▶ [THE TASK]
Give the entries below again exactly. Their pictures are not needed.

▶ [PROVIDED DATA]
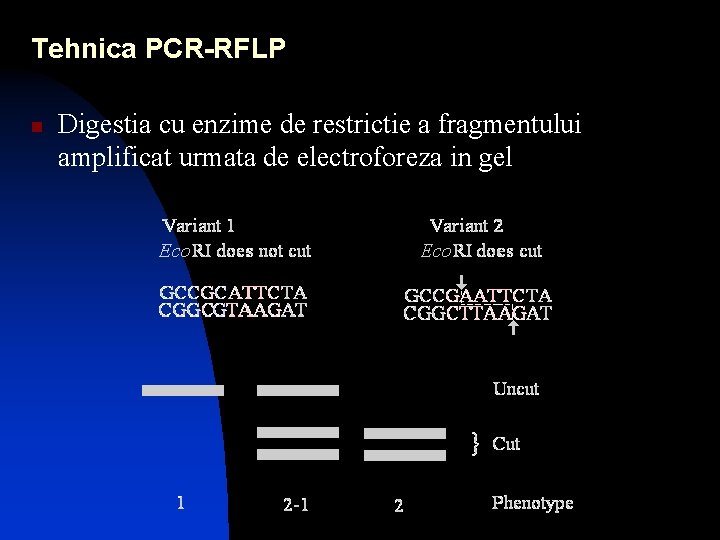 Tehnica PCR-RFLP n Digestia cu enzime de restrictie a fragmentului amplificat urmata de electroforeza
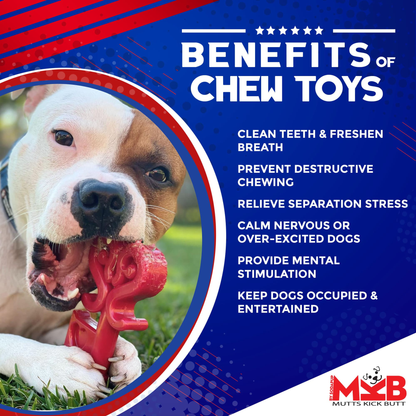 Key to My Heart Nylon Dog Chew Toy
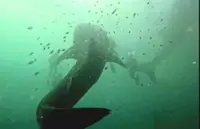 Illegal wildlife trade goes digital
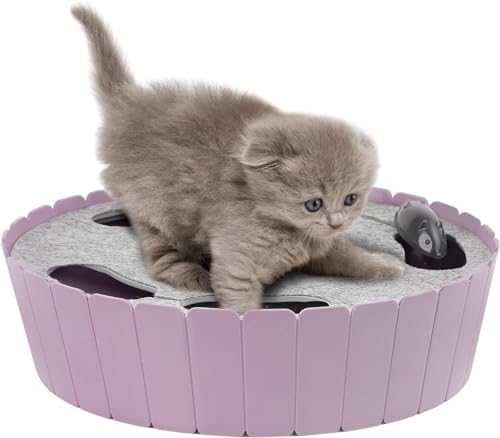 Pawaboo Interactive Cat Toy with Running Mouse, Automatic Track Kitten Toy | Electronic Motion Cat Toy for Indoor Cats, Pop and Play Hide Seek Cats Toys Hunting Mouse for Kitty Play Exercise, Green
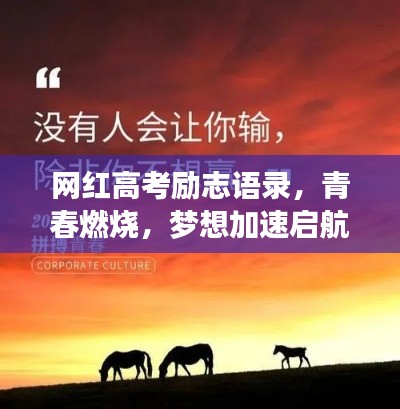 網(wǎng)紅高考勵志語錄，青春燃燒，夢想加速啟航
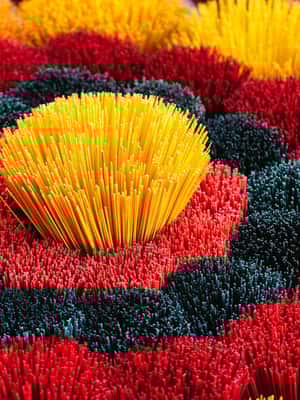 Pramogos teikėjo įkelta pramogos „Pusdienio religinė ekskursija po Hue tvirtovę“, Hue, Vietnamas, nuotrauka (2)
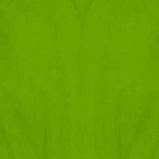 Citrus Green Eco Friendly Tissue Paper – Party Snobs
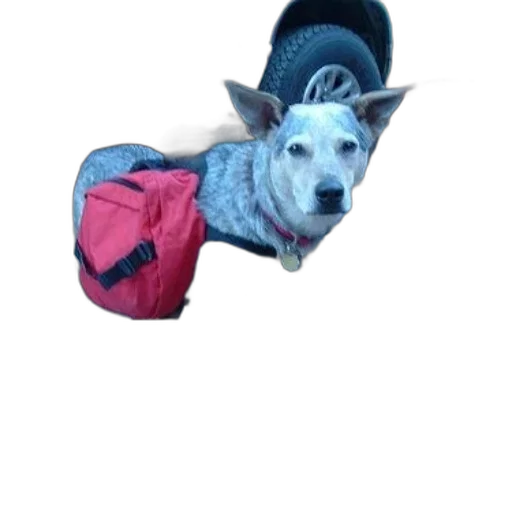 jacket, animal, creature, hat transparent PNG cut-out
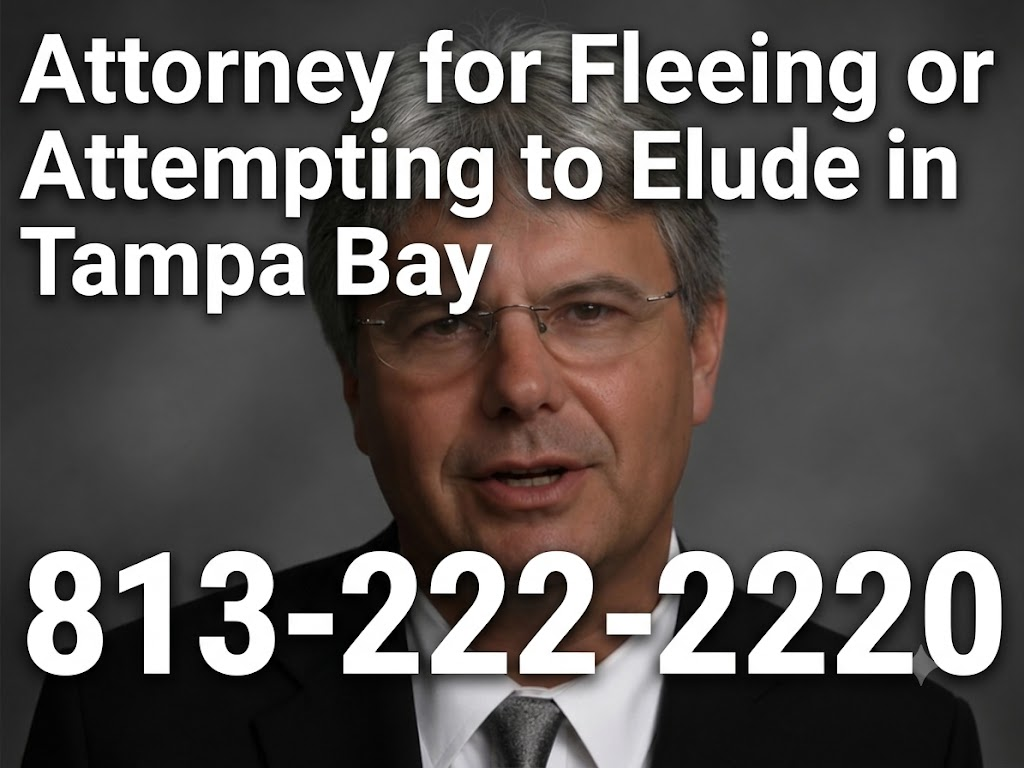 Fleeing or Attempting to Elude Attorney in Tampa Bay - True Crime Video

▶ [EXERCISE ANSWER]
 Tehnica PCR-RFLP n Digestia cu enzime de restrictie a fragmentului amplificat urmata de electroforeza
 Key to My Heart Nylon Dog Chew Toy
 Illegal wildlife trade goes digital
 Pawaboo Interactive Cat Toy with Running Mouse, Automatic Track Kitten Toy | Electronic Motion Cat Toy for Indoor Cats, Pop and Play Hide Seek Cats Toys Hunting Mouse for Kitty Play Exercise, Green
 網(wǎng)紅高考勵志語錄，青春燃燒，夢想加速啟航
 Pramogos teikėjo įkelta pramogos „Pusdienio religinė ekskursija po Hue tvirtovę“, Hue, Vietnamas, nuotrauka (2)
 Citrus Green Eco Friendly Tissue Paper – Party Snobs
 jacket, animal, creature, hat transparent PNG cut-out
 Fleeing or Attempting to Elude Attorney in Tampa Bay - True Crime Video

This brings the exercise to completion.